NEW YORK Many patients with diabetes should forgo angioplasties for heart disease and just take medicine instead, according to a new National Institutes of Health study led by Stanford University School of Medicine researcher Mark Hlatky.

Previous research had shown that patients with Type 2 diabetes and mild-to-moderate heart disease have no reduction in risk for heart attacks, strokes or death if they have an angioplasty compared with simply taking the right medications. The new study shows that there's substantial cost savings in sticking with drug treatment, with an average savings of $11,000 per patient over four years.

"For patients with relatively mild symptoms of heart disease, angioplasty is clearly more expensive and it's clearly not more beneficial," said Hlatky, professor of health research and policy and of cardiovascular medicine, presented the new findings Nov. 17 in Orlando at the annual meeting of the American Heart Association. The report also was published online that same day in the journal Circulation.

The analysis described in the new paper is an example of the sort of comparative effectiveness research that the federal government is now promoting as critical for successful healthcare reform.

The data come from the NIH's Bypass Angioplasty Revascularization Investigation in Type 2 Diabetes study, called BARI 2D, which tracked the health of more than 2,000 patients for five years. During the trial, the patients all received intensive drug therapy according to accepted clinical guidelines, with use of statins, aspirin, beta-blockers and either ACE inhibitors or angiotensin-receptor blockers. The cost-effectiveness findings are based on the accumulated costs over a four-year period.

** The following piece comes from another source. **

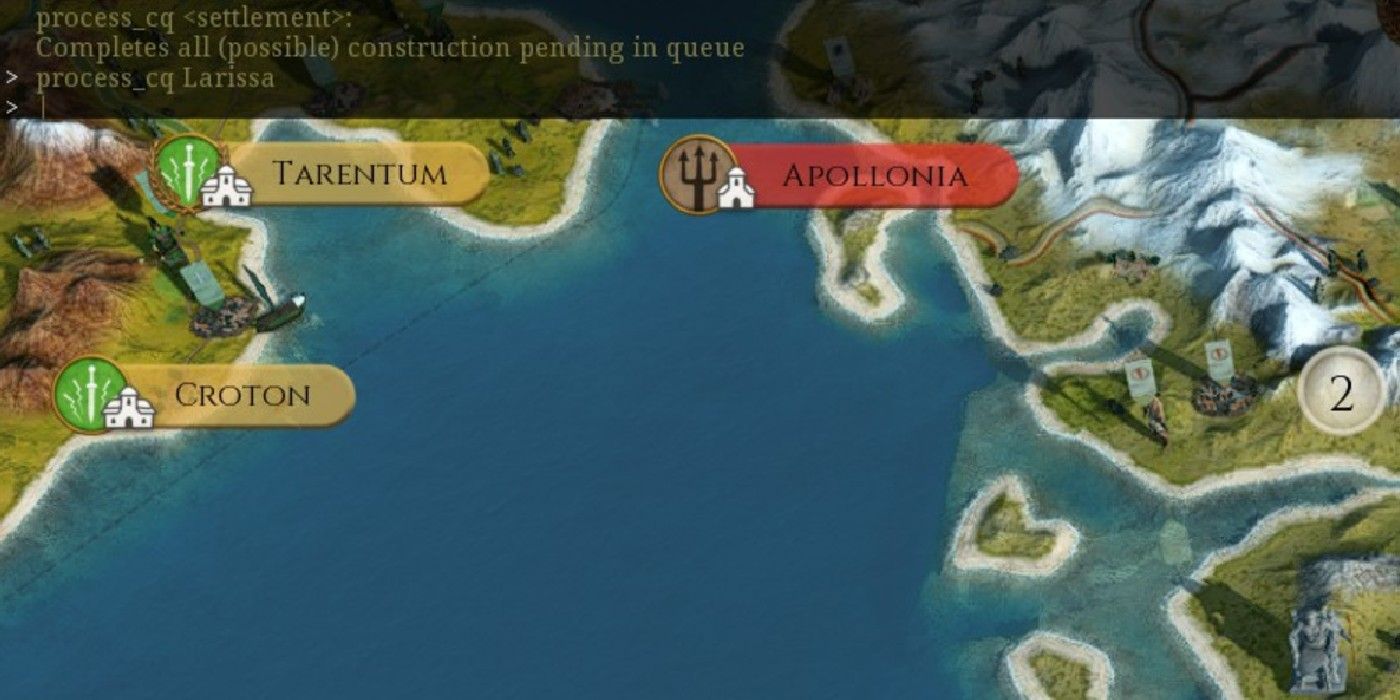 process cq cheat command rome remastered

The earlier findings, on effectiveness of angioplasty and bypass surgery on death, heart attacks and strokes, were published June 11 in the New England Journal of Medicine.

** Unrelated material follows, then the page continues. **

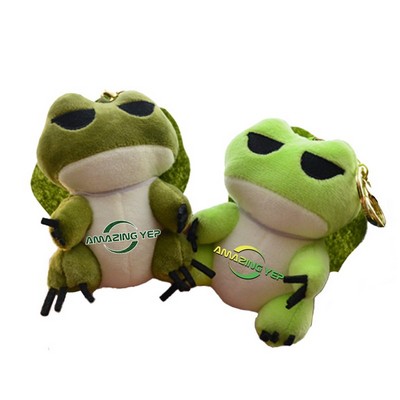 4.5" Keychain Squishmallow Plush Key Tag - Frog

The study also assessed the cost effectiveness of bypass surgery and two different approaches to treating diabetes.

Bypass surgery is much more costly than drug treatment, running $20,000 more over four years on average, Hlatky noted. But while surgery is much more expensive than drug treatment, for patients with severe heart symptoms it appears to be cost-effective; since people with more severe coronary disease suitable for bypass surgery were significantly less likely to have a heart attack or stroke, or die than patients treated with drugs alone.

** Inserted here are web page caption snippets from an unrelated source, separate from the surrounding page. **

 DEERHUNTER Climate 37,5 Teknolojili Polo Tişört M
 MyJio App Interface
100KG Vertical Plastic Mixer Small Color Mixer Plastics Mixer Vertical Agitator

The two different approaches to diabetes that were studied -- drugs that improve the body's response to insulin versus drugs that increase the delivery of insulin -- had comparable costs over four years. BARI 2D had previously shown that medical effectiveness of these approaches to drug treatment was similar too.

"For the two diabetes treatments, there was no difference in heart attack or death, and no difference in cost. It comes down to preference," said Hlatky. For example, patients who dislike injections might favor the insulin sensitization treatment, which relies on pills instead of shots.